泣きそうになるのを必死に堪えて、医者を呼ぼうと顔を上げると、ロイが床に落ちている本を拾い上げた。いや、本ではなく、日記?


そしてそれを見て、眉間に一度シワを寄せた後、私に渡した。


私はそれを見た時に全てを理解した。


その本は私の思った通り日記だった。しかし、カルミア様が書いたものではなく、お医者様が書いたもの。中身は、投薬と副作用、解毒、回復の記録。


これは、毒の慣らしだ。


よくフィクションで見たことはあるけど、この世界で本当に行われていたなんて。


私は堪えきれずに、涙がこぼれた。事務的な毒の投与記録が、私の涙で濡れていく。勝手にカルミア様を握る手に力が入る。


「泣くな。泣くな。」


私は自分に言い聞かせながら再びカルミア様の事を見た。


彼は今必死に戦っているのだ。


この国の王になると言うこと。私はわかっていたのだろうか。王妃になると軽々しく言っていた自分が恥ずかしい。何も、何もわかっていなかった。この国の礎となり、上に立つということ。そして、この人を支えると言うことが。
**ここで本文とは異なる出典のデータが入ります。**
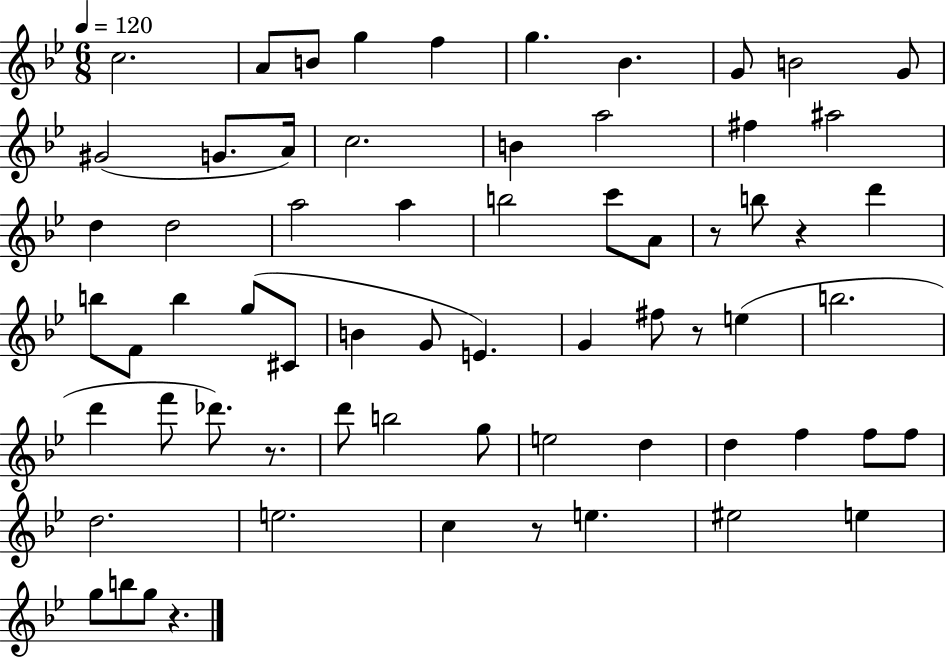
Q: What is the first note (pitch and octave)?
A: C5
「すみません。ロイ。私の力じゃ、ベットまで運べなくて……。ベットまで運ぶのを手伝っていただいてもいいでしょうか。」


ロイは何も言わず、優しい微笑みを浮かべて、カルミア様をベットまで運んでくれた。


私は周囲を見て温かい水と冷たい水と、清潔なタオルを用意して、ベットの横に座った。


カルミア様は、ヴゥ、と苦しそうにうめきながら汗をかいている。汗を拭き、冷たいタオルで顔を拭く。手を握り、睡眠の妨げにならないように、心の中で、頑張れ、頑張れと声をかける。


どうして倒れたんだろう。お水が飲みたかったのかな。きっと1人で苦しかったろうに。


でも、何故1人なんだろう。苦しい所を見られたくなくて人払いしたのなら、私はすごく邪魔だけれども。見つけてしまって帰るわけにもいかず私は手をさすりながら、汗を拭き続けた。
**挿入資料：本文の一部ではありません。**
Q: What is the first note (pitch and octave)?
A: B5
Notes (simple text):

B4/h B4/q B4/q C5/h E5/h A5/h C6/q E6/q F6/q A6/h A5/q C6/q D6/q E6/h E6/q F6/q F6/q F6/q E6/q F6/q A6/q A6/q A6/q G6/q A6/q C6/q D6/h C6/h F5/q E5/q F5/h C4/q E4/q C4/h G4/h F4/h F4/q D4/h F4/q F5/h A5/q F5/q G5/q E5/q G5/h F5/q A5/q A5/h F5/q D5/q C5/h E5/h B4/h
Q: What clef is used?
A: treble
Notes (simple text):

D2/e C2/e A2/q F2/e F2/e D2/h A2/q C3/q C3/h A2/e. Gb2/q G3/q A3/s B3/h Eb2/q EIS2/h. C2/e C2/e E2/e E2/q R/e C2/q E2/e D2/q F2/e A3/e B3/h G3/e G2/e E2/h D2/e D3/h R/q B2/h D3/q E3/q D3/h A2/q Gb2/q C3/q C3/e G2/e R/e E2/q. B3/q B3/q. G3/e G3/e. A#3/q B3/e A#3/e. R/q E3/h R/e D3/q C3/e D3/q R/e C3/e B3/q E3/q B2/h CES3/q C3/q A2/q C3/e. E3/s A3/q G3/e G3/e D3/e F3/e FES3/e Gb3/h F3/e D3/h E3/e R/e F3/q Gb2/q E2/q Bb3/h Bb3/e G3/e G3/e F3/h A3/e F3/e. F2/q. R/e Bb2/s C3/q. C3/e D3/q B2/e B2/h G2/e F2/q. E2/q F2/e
向き合いたい。この人のこの国を思う気持ちに。こんな大変な事をしてまで国を支えようとなさっている。なんて、なんて尊い人なのだろう。


私は正直ゲーム感覚だったのかもしれない。彼が好き!そんな単純な理由でここまで来たけれども、本当の意味を全く理解していなかった。いくらゲーム世界と同じとはいえ、コレは現実で、この世界で生きている。みんな生きているんだ。


力になりたい。この人の力になりたい。


心の底からそう、思った。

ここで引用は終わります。